Tradisi Ramadan di Pegunungan Papua Apa Itu? Begini Ulasannya

(Dok:Net)

JAKARTA (SURYA24.COM)-Islam pertama kali datang ke Papua, sebuah provinsi di Indonesia yang terletak di ujung timur Indonesia, pada abad ke-15. Namun, sejarah Islam di Papua masih relatif tidak terdokumentasikan dengan baik. 

Meskipun begitu, pada awal abad ke-20, seorang tokoh Islam bernama Haji Muhammad Yusuf (lahir pada 17 Agustus 1884) datang ke Papua dan memulai dakwah Islam. Ia berasal dari Minangkabau dan telah belajar Islam di Mekah, Arab Saudi. Pada awalnya, Yusuf memperoleh sedikit dukungan dari penduduk asli Papua, namun dia tidak menyerah dan terus berjuang untuk menyebarkan Islam di wilayah tersebut.

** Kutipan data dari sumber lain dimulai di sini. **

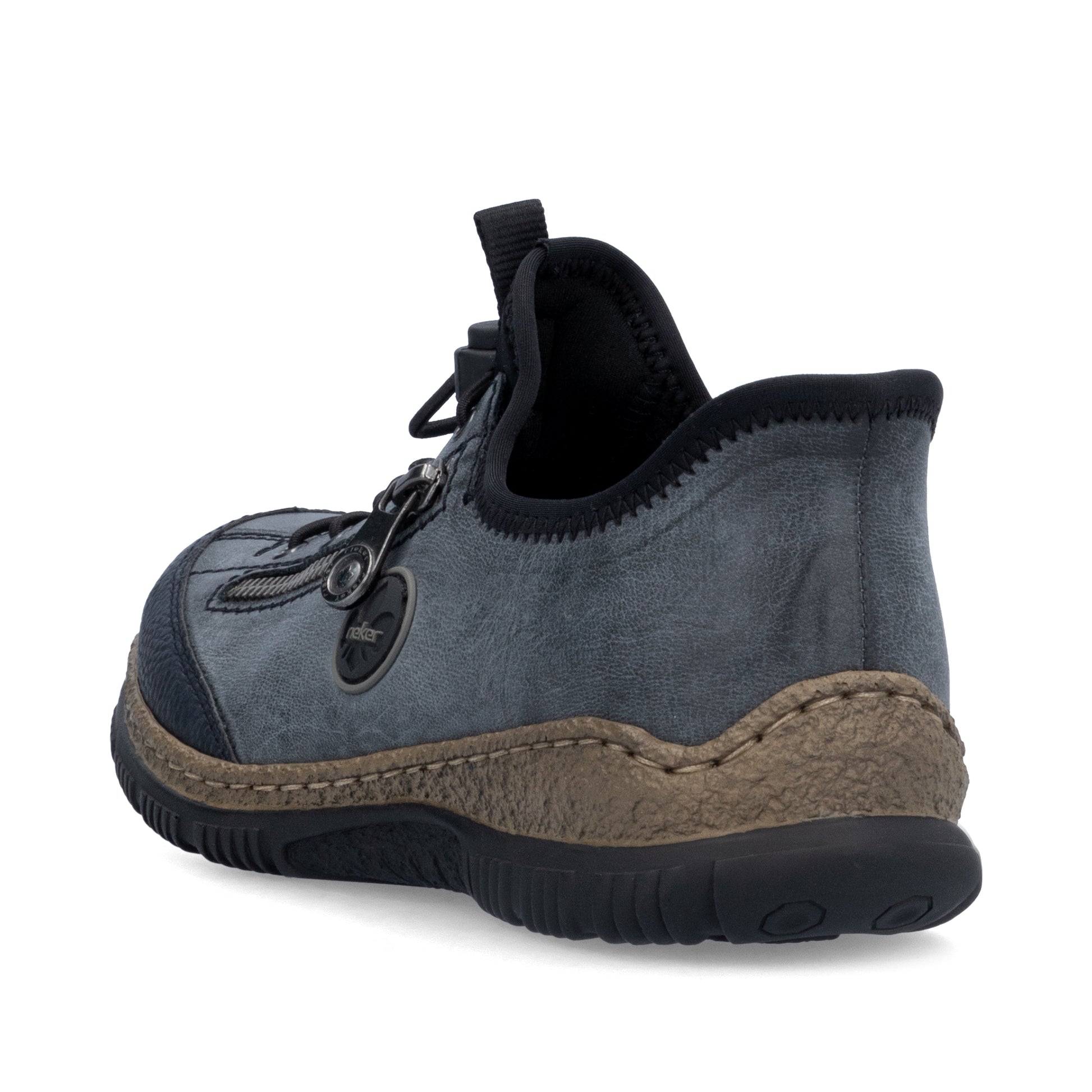 Blue Elasticated Shoes for Women | Rieker N3267-14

Setelah beberapa tahun berkarya, Yusuf akhirnya berhasil mendirikan Masjid Al-Hamidiyah di Manokwari pada tahun 1934. Masjid tersebut dianggap sebagai masjid pertama di Papua dan hingga saat ini masih digunakan sebagai tempat ibadah umat Muslim di kota tersebut.

Setelah Yusuf, banyak tokoh Muslim lainnya yang datang ke Papua dan berjuang untuk menyebarkan ajaran Islam di wilayah tersebut. Beberapa tokoh Islam terkemuka di Papua antara lain H. Abdul Karim Ongen, KH. Muhammad Arsyad Al-Banjari, dan H. Abdul Hamid Attamimi.

Sejarah Islam di Papua

  Sementara sumber lainnya menyebutkan bahwa sejarah Islam di Papua dimulai pada abad ke-17, ketika pedagang Arab dan India melakukan perdagangan dengan penduduk asli Papua. Mereka membawa ajaran Islam bersama mereka dan mulai menyebarkannya di wilayah tersebut. Namun, Islam tidak menyebar secara luas di Papua hingga beberapa abad kemudian, ketika misionaris Muslim memasuki wilayah ini dan mulai menyebarkan agama Islam secara aktif.

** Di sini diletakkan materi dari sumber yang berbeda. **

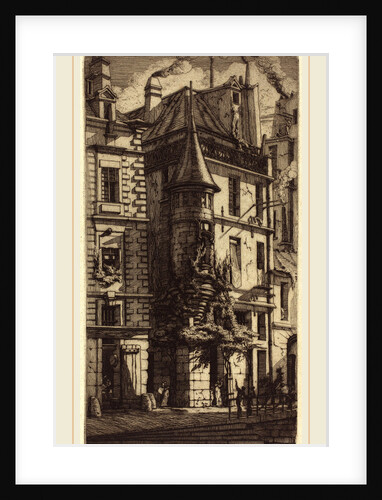 Tourelle de la Rue de la Tixéranderie, Paris, 1852 by Charles Meryon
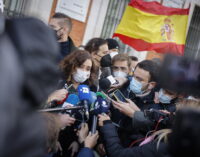 Díaz Ayuso en la manifestación contra la reforma de la Ley de Seguridad Ciudadana: “Una minoría resentida no puede poner en tela de juicio la seguridad de todos los españoles”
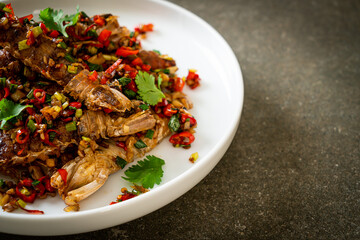 Stir-fried Mantis Shrimp or Crayfish with Chilli and Salt.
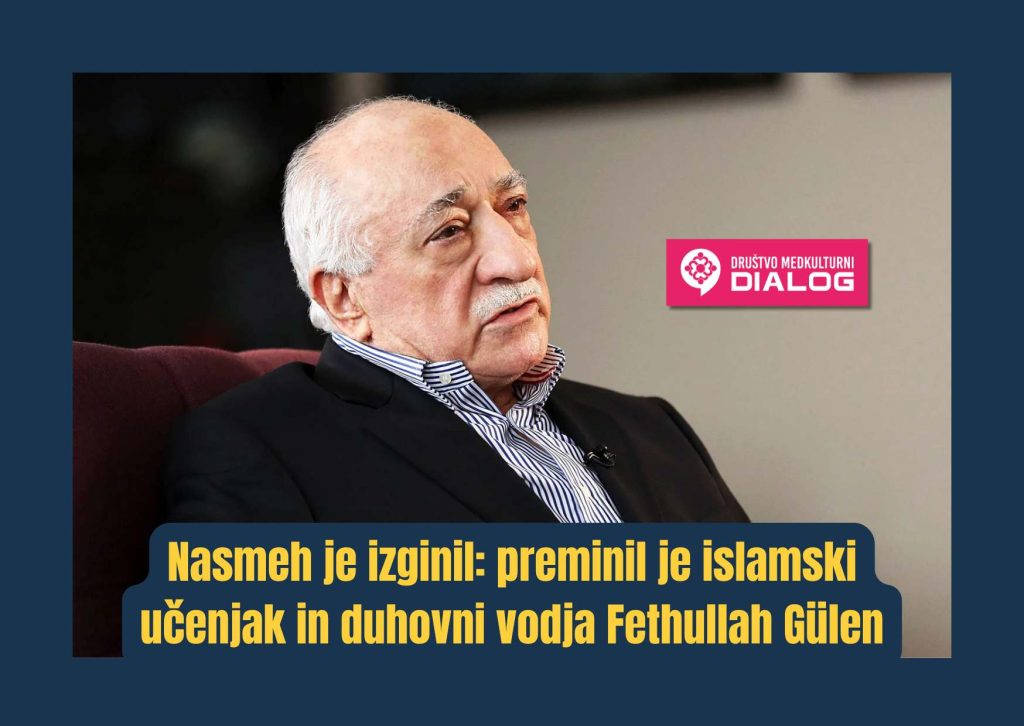 Nasmeh je izginil: preminil je islamski učenjak in duhovni vodja Fethullah Gülen
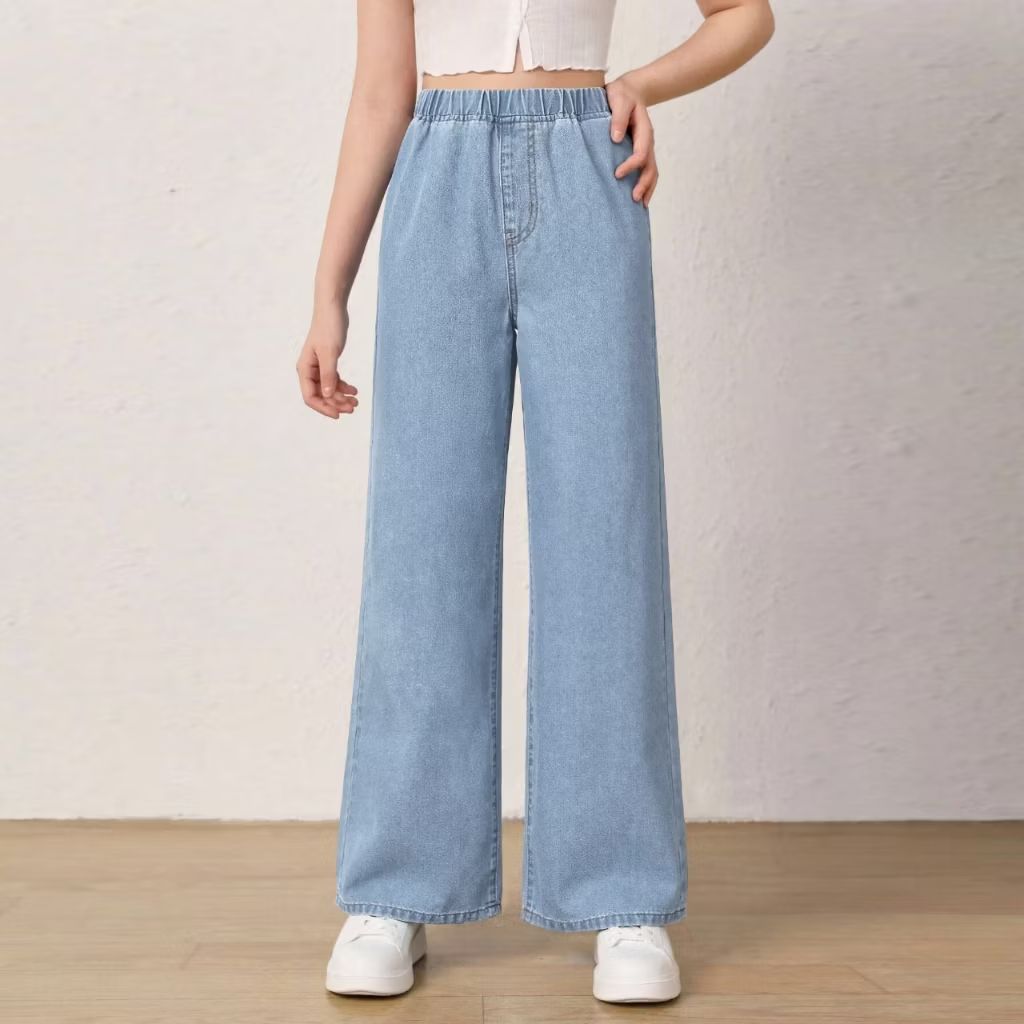 Us3_Tin's tweet photo. Cek Celana Jeans Wanita Elastic Waistband Casual Solid Color Straight Ladies Baggy Denim Pants dengan harga Rp93.819. Dapatkan di Shopee sekarang! https://t.co/sNhUTQ8Hn7 https://t.co/HD5BUEv5qJ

Salah satu tokoh Muslim awal yang dikenal di Papua adalah Haji Mursyid, seorang misionaris Muslim yang datang ke wilayah itu pada awal abad ke-20. Ia menjadi salah satu pengaruh penting dalam menyebarkan agama Islam di Papua, terutama di kota Jayapura dan sekitarnya. Setelah itu, agama Islam mulai menyebar ke seluruh wilayah Papua, terutama di daerah-daerah yang terletak dekat dengan Maluku dan Sulawesi.

Pada tahun 1962, Papua menjadi bagian dari Indonesia dan Islam menjadi salah satu agama yang diakui secara resmi di wilayah tersebut. Meskipun mayoritas penduduk Papua masih menganut agama Kristen, namun terdapat juga komunitas Muslim yang besar dan terus bertumbuh di wilayah tersebut.

Masyarakat Muslim di Papua

Masyarakat Muslim di Papua sangat beragam dan terdiri dari berbagai suku dan budaya yang berbeda-beda. Meskipun mayoritas penduduk Papua adalah orang asli, namun terdapat juga imigran Muslim dari berbagai wilayah Indonesia yang tinggal di Papua.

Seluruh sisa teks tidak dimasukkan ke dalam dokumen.